Хамдамов из тех священных советских авторов, которые со всем своим элитарным трепетом произносят слова «гений», «Тайная вечеря», «художник». Для них все эти внутренние думы вечного важнее насущного — они собирают репродукции (или уже оригиналы?) Пикассо и не замечают времени, в котором обитают: ни ГУЛАГа, ни перестройки и крушения Союза, ни прихода свинцовой олигархии, ни уже сегодня арестов своих коллег. Им, как и Михалковым, хорошо во все времена. Они ревнуют к заграничной славе Тарковского, фестивальным победам Сокурова и Звягинцева, но сами до гроба будут помнить депеши Висконти — Антониони — Феллини. И все время живут не в своем времени. Они, как правило, выше всего. Они говорят со звездами — только на уровне звезд. Но стоит приглядеться повнимательнее — шляпки для Кончаловского, сумочки для Жанны Моро и Ренаты Литвиновой, — в этом банальном фетишизме и есть весь гений Хамдамова.

В своем новом произведении — первом за 13 лет — Хамдамов со старческой верностью (она же детская наивность) вольно пересказывает сюжет «Расемона» (ведь со времен Куросавы и Пикассо современное искусство все ничтожнее?), смешивая с вольной фантазией о русской сказочной азиатчине, наполняет аллюзиями на Караваджо и прочим бэкграундным любого ленинградского интеллигента, который предпочитает не Горького, а Дягилева.
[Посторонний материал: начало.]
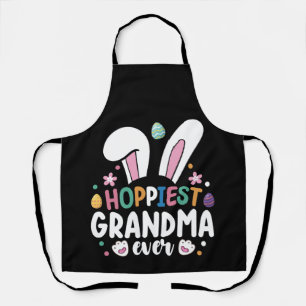 Hoppiest Grandma Ever Mum Family Easter Bunny Eggs Apron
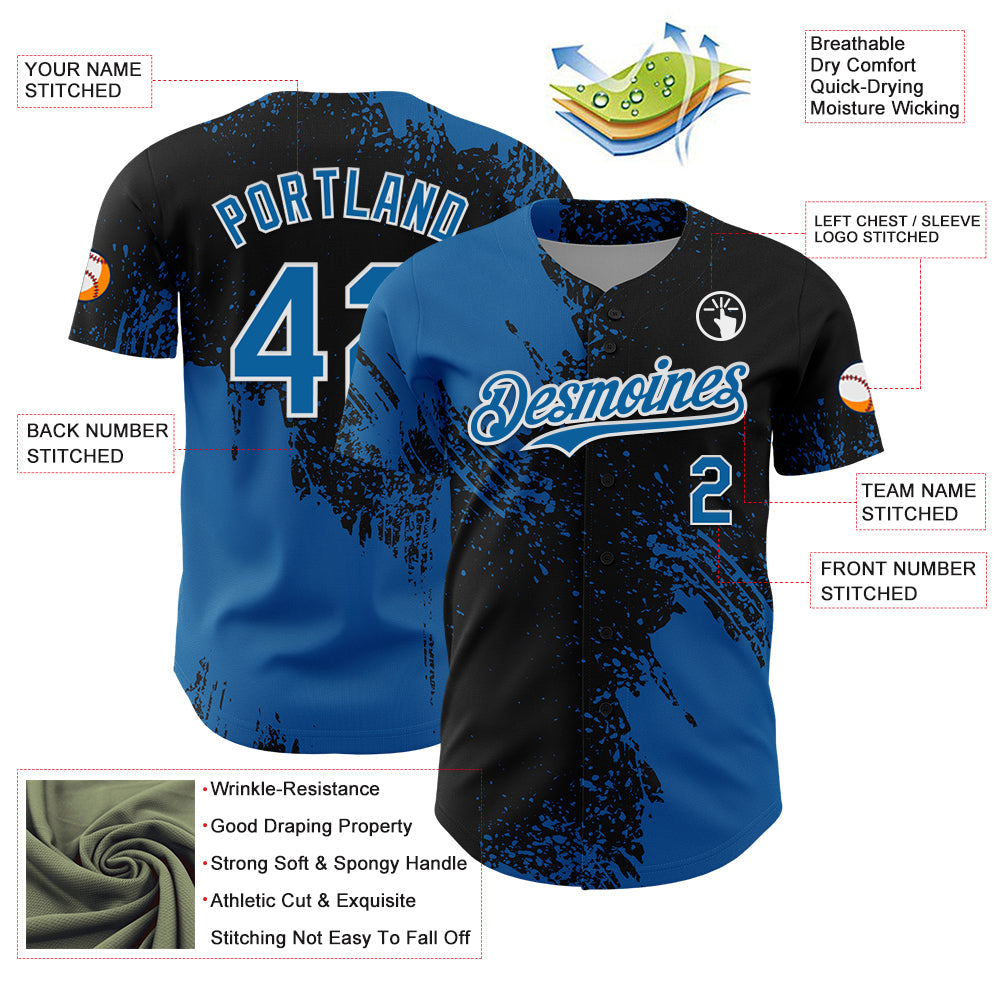 Custom Blue Black-White 3D Pattern Design Abstract Brush Stroke Authentic Baseball Jersey baseball jersey product view 3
Уже полвека биографам Хамдамова остается вспоминать похвалы Антониони и Феллини его первой картине «В горах мое сердце». С тех пор никто из других коллег не присоединился к ценителям Хамдамова. Ни Зиберберг, ни Рауль Руис, ни Гай Мэддин, ни Дэвид Линч или Вирасетакун с Питером Гринуэем. Ни одного самобытного визионера второй половины XX века, которым, кстати, в отличие от Хамдамова ни время, ни история, ни какие другие трудности не мешали в итоге реализовывать то, чего им одним хотелось.

Сегодня не надо никакой смелости, чтобы сказать, что тот же Гринуэй или какой-нибудь Йос Стеллинг — это, простите, списанные режиссеры, которые не только от критиков, но и от своих давних поклонников давно получают только чувство жалости. Но написать в наше время про «ненужность» и «жалость» доморощенного гения Хамдамова — это ведь значит обидеть художника.
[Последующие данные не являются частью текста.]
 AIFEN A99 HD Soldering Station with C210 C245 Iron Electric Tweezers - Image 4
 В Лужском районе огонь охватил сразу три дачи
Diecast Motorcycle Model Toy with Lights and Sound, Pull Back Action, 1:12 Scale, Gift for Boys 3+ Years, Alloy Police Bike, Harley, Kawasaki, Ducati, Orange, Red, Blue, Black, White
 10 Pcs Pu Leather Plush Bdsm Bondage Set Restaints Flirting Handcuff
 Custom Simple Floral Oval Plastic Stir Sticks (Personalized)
И ведь он настолько элитарен во всем, что неудобно просто быть рядом, просто указать в сторону — как современно, как умело тот же Линч в третьем сезоне своего великого сериала только и делает, что пересказывает с прямыми визуальными цитатами «Орфея» Кокто. Быть вне времени не значит оставаться при этом не современным. Сегодня, чтобы полюбить сюрреализм Хамдамова, надо самому будто стать на полвека или лучше на целый век старше, надеть консервативную маску Бретона.
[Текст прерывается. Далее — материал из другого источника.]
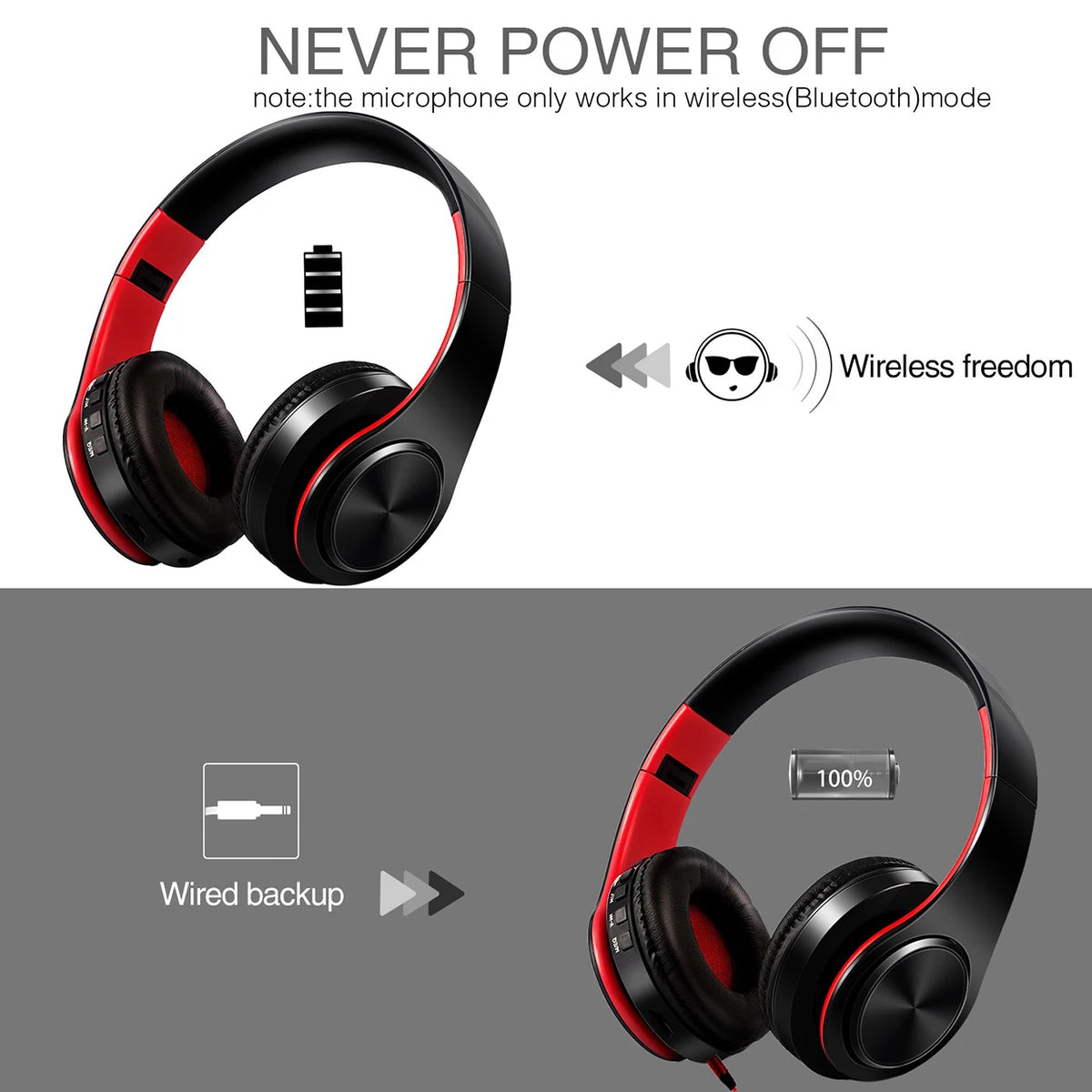 2026 Wireless Bluetooth Stereo Headset Upgrading Sports Overhead Earphone with Mic for Smart Phone TV PC Tablet - Music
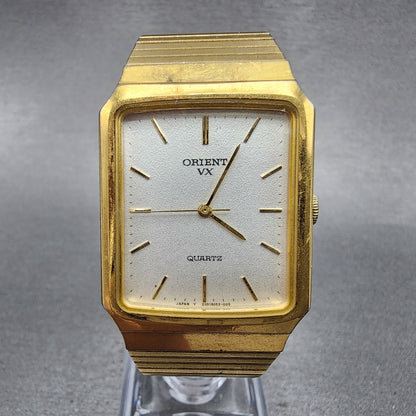 Orient VX Tank Watch Men 27mm Silver Dial Gold Tone Rectangle  PARTS0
А то, что этот художник премируется на домашнем ММКФ (впрочем, и тут Хамдамов выше того, что есть унижение для любого большого режиссера), не может всю свою жизнь завершить ни одного своего полного метра, — об этом факте всегда у нас говорят только в трагических и загадочных интонациях о роке художника. А попытаться выдвинуть догадку, что Хамдамов — мастер короткой формы? Что вся его творческая самобытность вольно дышит и магией, и киногенией именно в маленьких работах. В то время как любая большая картина становится свидетелем не трагического мифа, а его катастрофы в самом простом изводе как профессионала, как ремесленника, а значит, и как творца. Трагедия Хамдамова не в том, что он не понят, не в том, что он полностью не состоялся на целлулоиде, трагедия всей жизни — это когда ты занимаешься не своим делом. 15-минутные «Яхонты» (другое название «Рубины», из которых потом и родился новый фильм) не нуждались в этой безмерно нудной, по-настоящему графоманской и, в общем-то, образцовой пошлости, что веет от «Мешка без дна».